• [WHAT THE EXERCISE ASKS] What are the lines from the one with "MN HIV SERVICES PLANNING COUNCIL Bingo Card" through the end of the records below, written out exactly and without the pictures?

[EXERCISE DATA Boundary: Start]

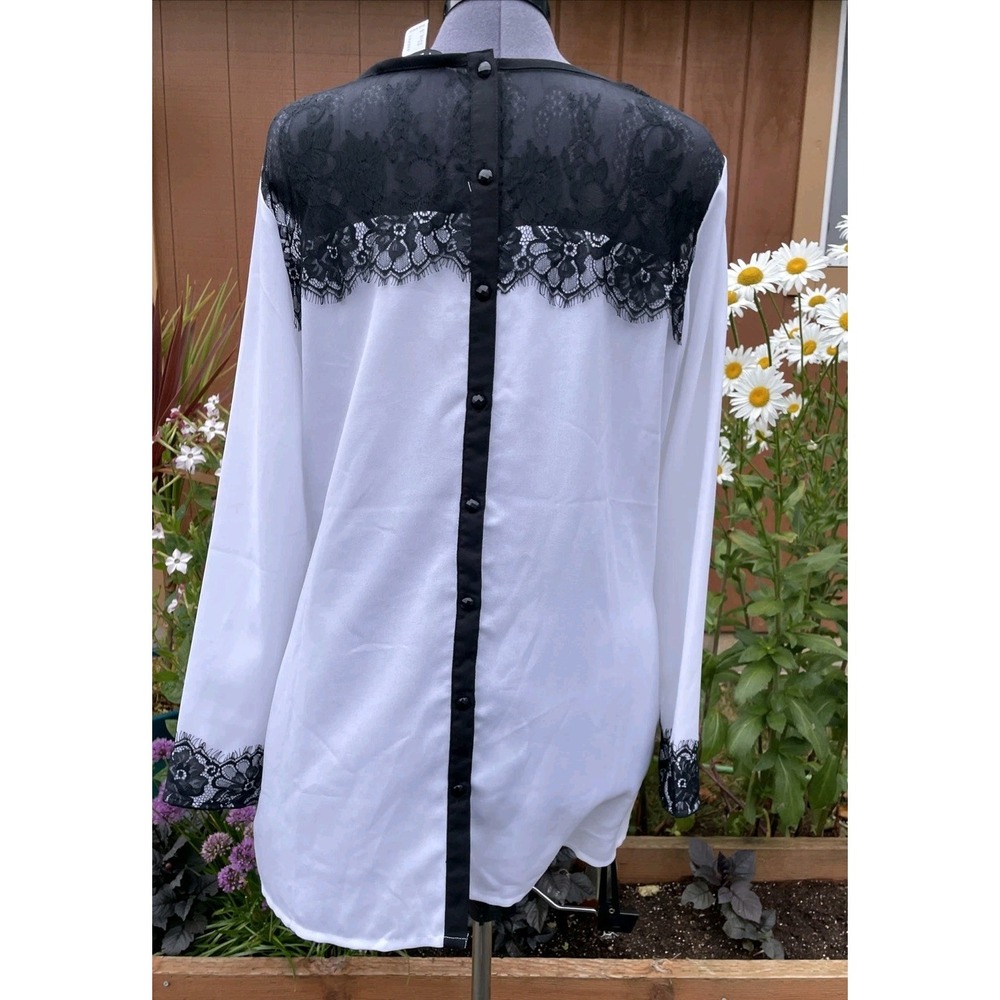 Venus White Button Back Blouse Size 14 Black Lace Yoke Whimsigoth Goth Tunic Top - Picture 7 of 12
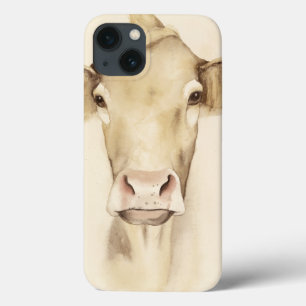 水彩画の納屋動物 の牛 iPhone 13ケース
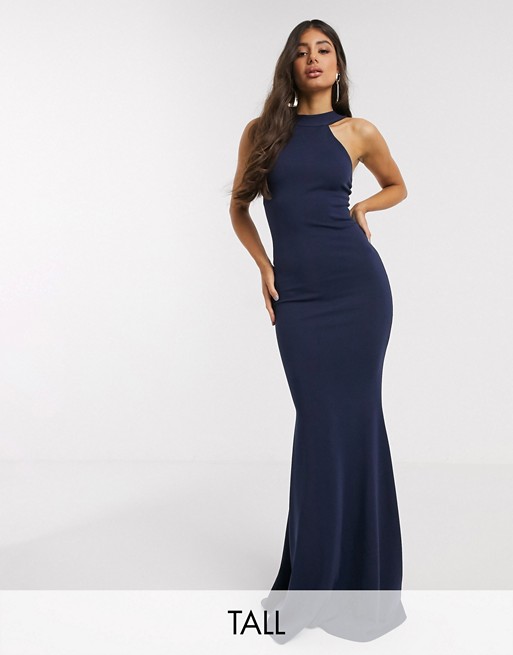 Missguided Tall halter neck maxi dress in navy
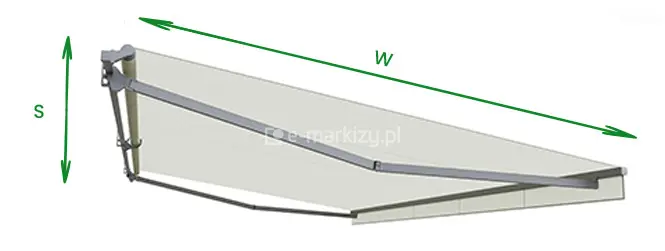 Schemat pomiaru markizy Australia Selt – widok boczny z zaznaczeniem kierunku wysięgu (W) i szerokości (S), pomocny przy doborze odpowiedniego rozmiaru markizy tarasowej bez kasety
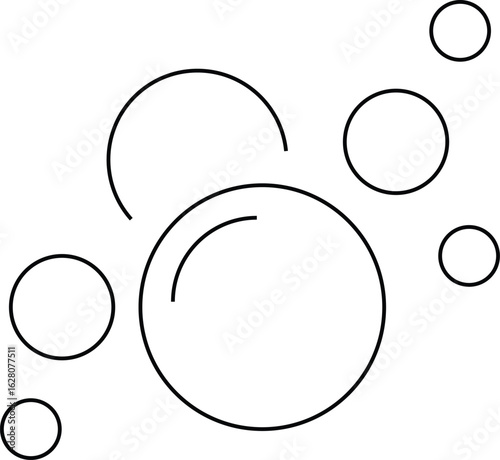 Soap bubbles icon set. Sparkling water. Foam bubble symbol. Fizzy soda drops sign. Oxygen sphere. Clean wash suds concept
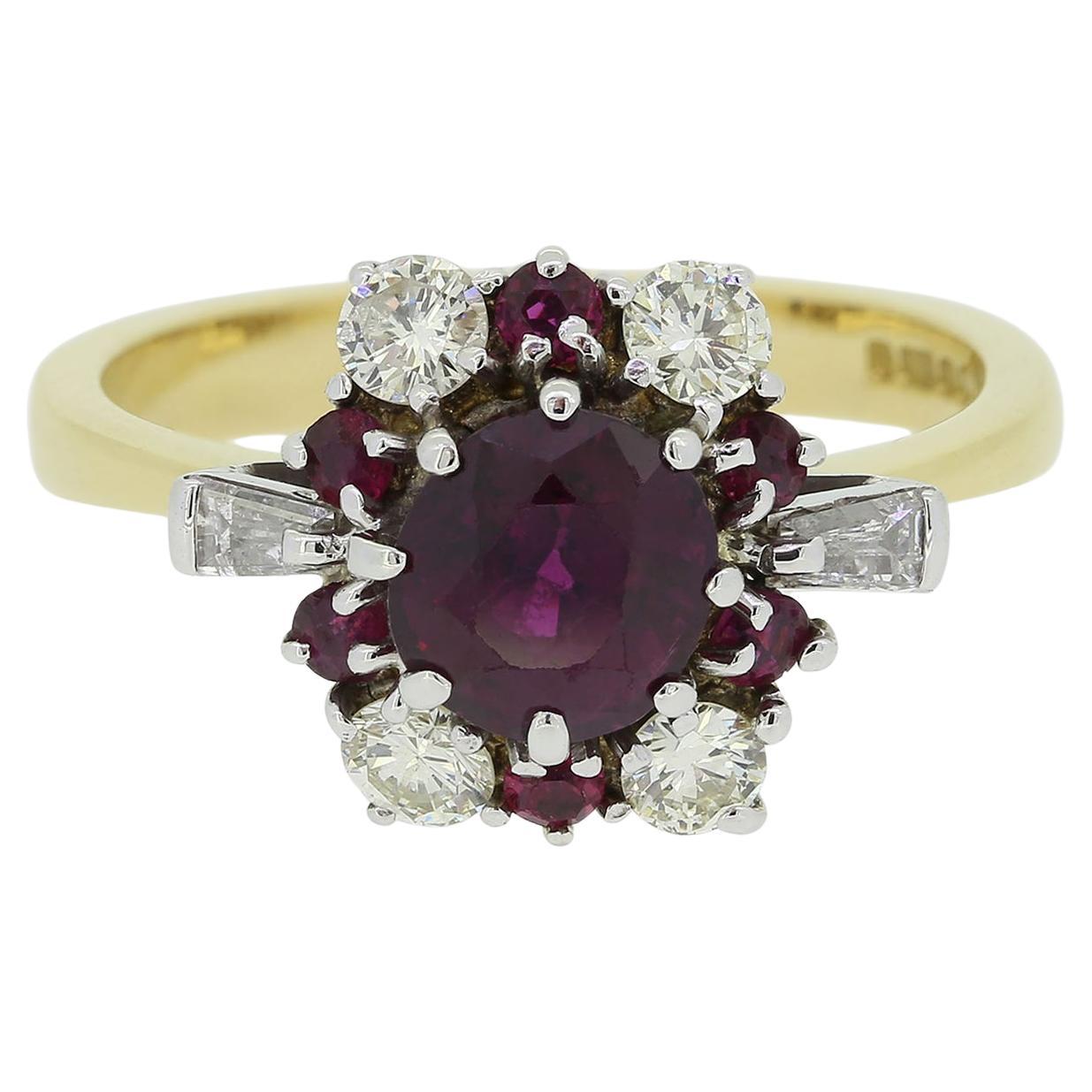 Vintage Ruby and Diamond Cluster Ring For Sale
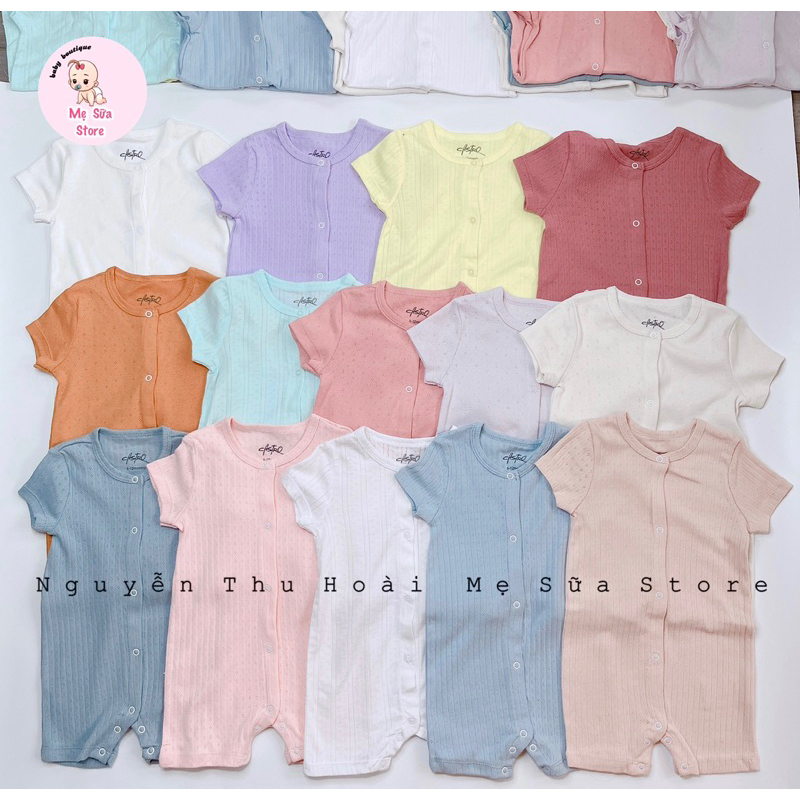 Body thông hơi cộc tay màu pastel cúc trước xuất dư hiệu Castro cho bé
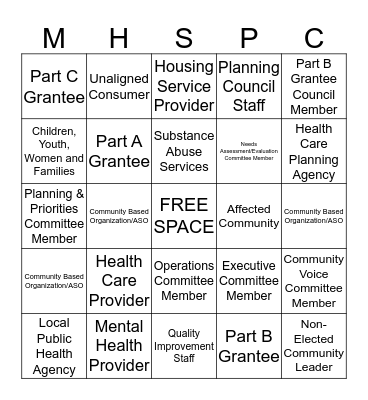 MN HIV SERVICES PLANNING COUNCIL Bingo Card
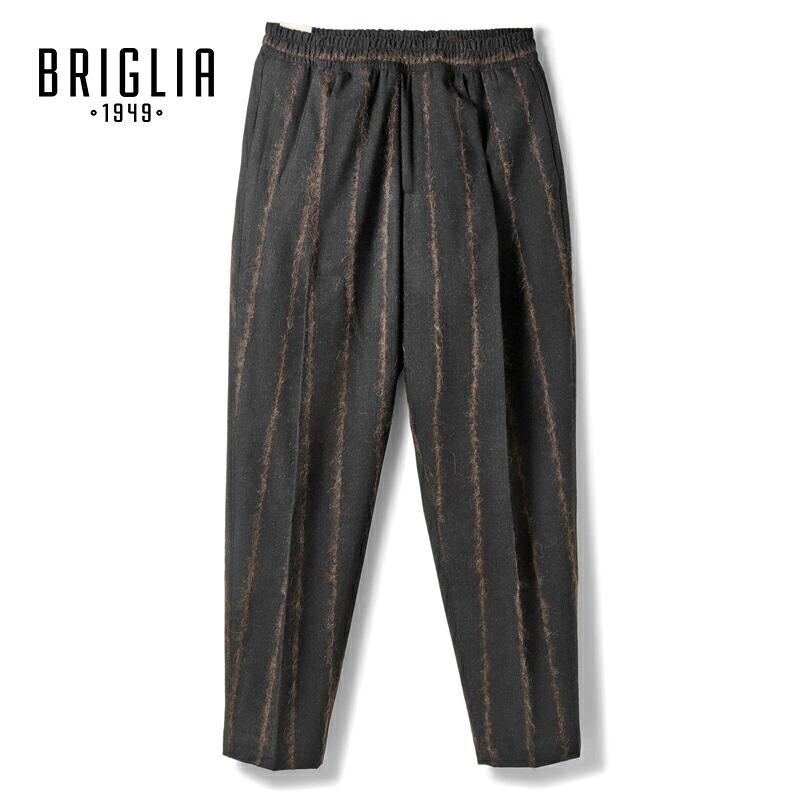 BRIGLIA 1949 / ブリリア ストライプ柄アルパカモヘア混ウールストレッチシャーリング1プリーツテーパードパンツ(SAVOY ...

[EXERCISE DATA Boundary: End]

• [SOLUTION TO THIS EXERCISE]
 MN HIV SERVICES PLANNING COUNCIL Bingo Card
 BRIGLIA 1949 / ブリリア ストライプ柄アルパカモヘア混ウールストレッチシャーリング1プリーツテーパードパンツ(SAVOY ...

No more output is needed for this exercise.